Stylish, comic and shameless, with a gonzo, midnight movie tone, Ghostbox Cowboy should be a hit at festivals following its world premiere in Tribeca’s US Narrative competition. Moments of visual grandeur that defy its small budget could help get it attention in Asia, where audiences might welcome a tale of the humbling of a brash American.

Cowboy-hatted Jimmy Van Horn (Zellner) shows up in China with a product that he’s counting on for a windfall. Hoping to exploit the traditional Chinese belief in ghosts, Jimmy — a Woody Harrelson look-alike — is peddling a handheld black box called “Ghoster” that, he asserts, will contain and defang dangerous spirits. The fun starts when the scheme, inevitably, falls apart.

Maringouin, who also serves as a cinematographer and editor on the film, begins proceedings as if he’s shadowing Jimmy with a cheap point-and shoot camera or cell phone, monitoring his man’s misadventures as they happen. Maringouin is initially playing for laughs, and you don’t need dazzling cinematography when a character is slipping on banana peels of his own creation.

Later, however, the visuals move more towards hallucinatory despair as things get more desperate for Jimmy, who battles with investors — or would-be investors — and loses his shirt in more than one currency. When he’s dead broke, he ends up performing at events where he’s featured as “the American”, an exotic twist on a costumed wedding singer, to amuse a crowd that, as he’s told, “doesn’t see many white people.”

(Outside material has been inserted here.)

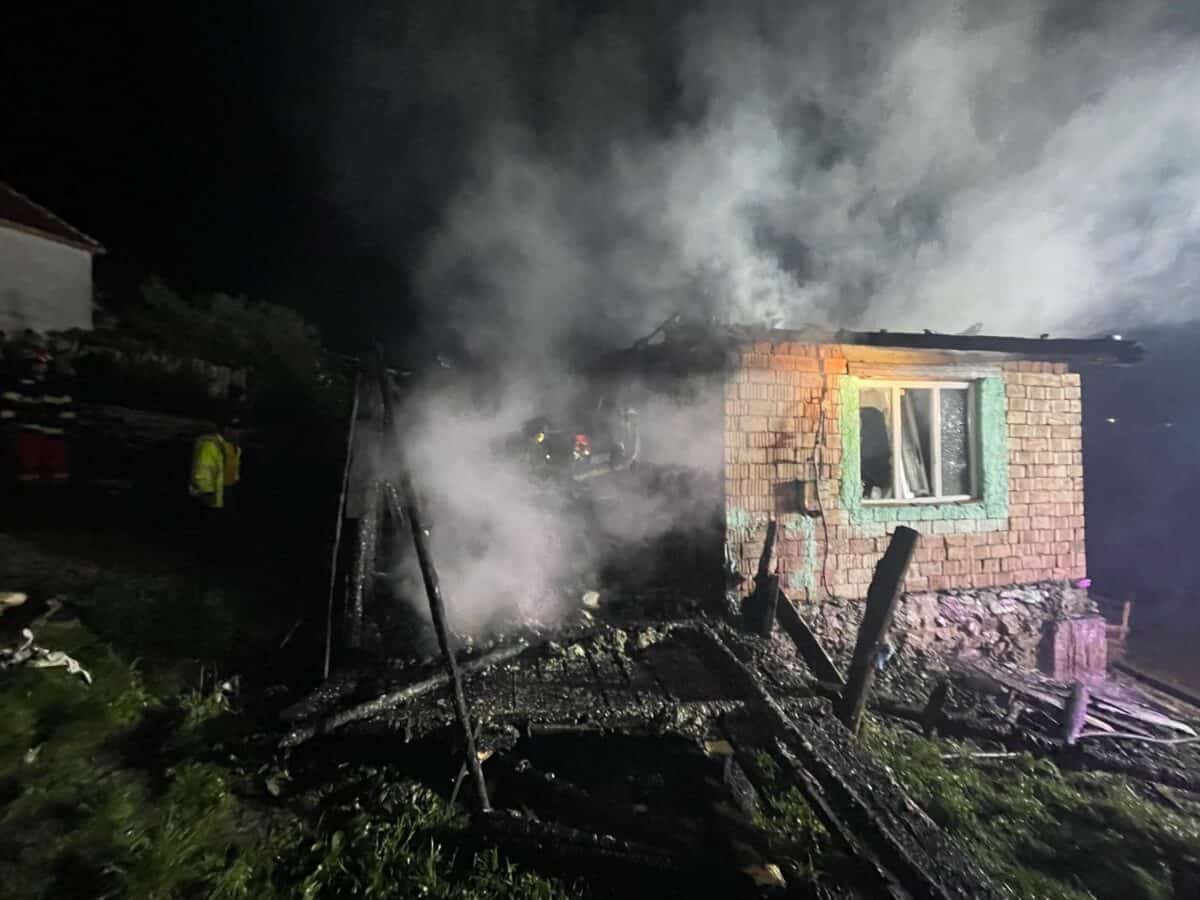 Casa din Jina distrusă complet de un incendiu devastator (foto)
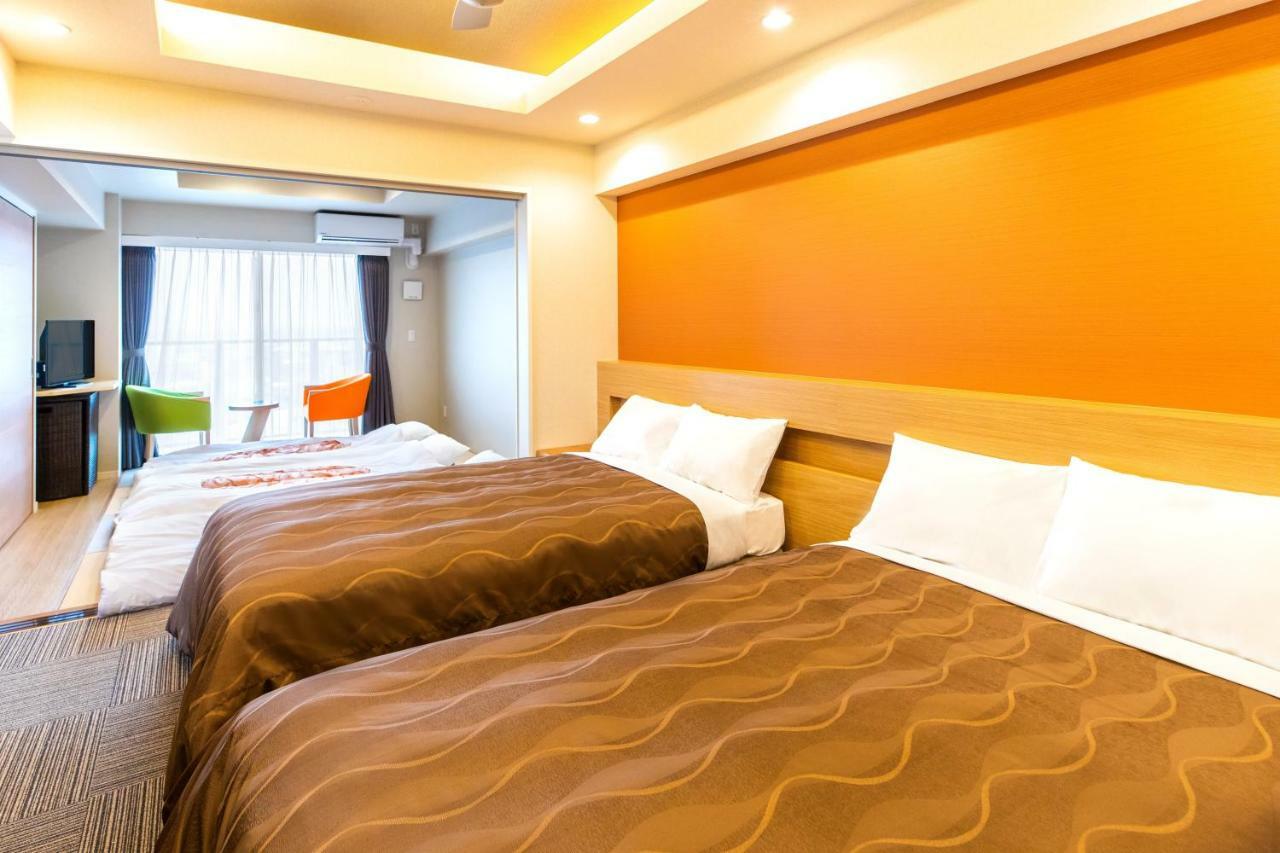 Yenns Marina Inn Mercy Гинован Экстерьер фото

Jimmy’s plight comes packed with cinematic allusions, principally to the sad solitude of John Voight in John Schlesinger’s Midnight Cowboy (1969) which begins, like Ghostbox Cowboy, with a smirking swagger. There’s another key reference here, to Maringouin’s own zany documentary travelogue Big River Man (2009), in which a beer-swilling Slovenian swims the length of the Amazon river and a voiceover warned of grave environmental threats to the Amazon basin. Here, the threat is gold fever and, almost a decade on, Maringouin hasn’t lost his flair for revealing the secrets of a place, even as he’s bringing his own circus there.

Visually, it’s like Heart of Darkness meets The Man Who Fell to Earth as Maringouin’s camera moves at a deliberate but kaleidoscopic pace, from the bare bones of skyscrapers under construction to vast expanses of sand. A delphic Brando-esque American whom Jimmy meets deep in the frontier is a rare (yet major) false note in a parade of surreal encounters.   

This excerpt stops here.